▶ **SUPPLIED INFORMATION**
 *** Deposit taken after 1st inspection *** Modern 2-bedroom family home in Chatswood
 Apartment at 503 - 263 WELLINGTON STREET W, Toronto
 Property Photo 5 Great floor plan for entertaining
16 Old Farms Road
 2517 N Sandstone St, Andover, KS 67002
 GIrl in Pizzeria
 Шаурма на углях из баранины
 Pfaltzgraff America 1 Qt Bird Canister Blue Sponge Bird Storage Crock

* * *

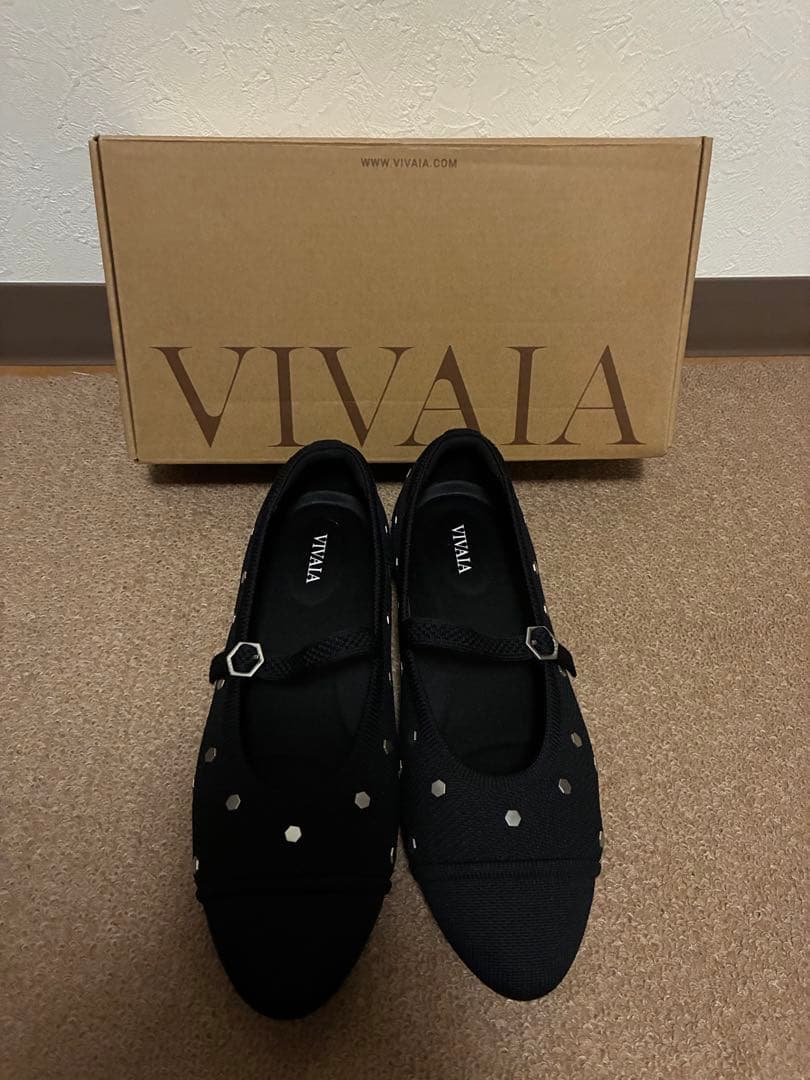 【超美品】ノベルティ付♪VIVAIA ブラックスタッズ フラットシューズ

▶ **WHAT THE TASK REQUIRES**
Set down again, word for word, the stretch of records from the line with "home in Chatswood" to the line with "GIrl in Pizzeria", both of those lines included.

▶ **OUTPUT**
 *** Deposit taken after 1st inspection *** Modern 2-bedroom family home in Chatswood
 Apartment at 503 - 263 WELLINGTON STREET W, Toronto
 Property Photo 5 Great floor plan for entertaining
16 Old Farms Road
 2517 N Sandstone St, Andover, KS 67002
 GIrl in Pizzeria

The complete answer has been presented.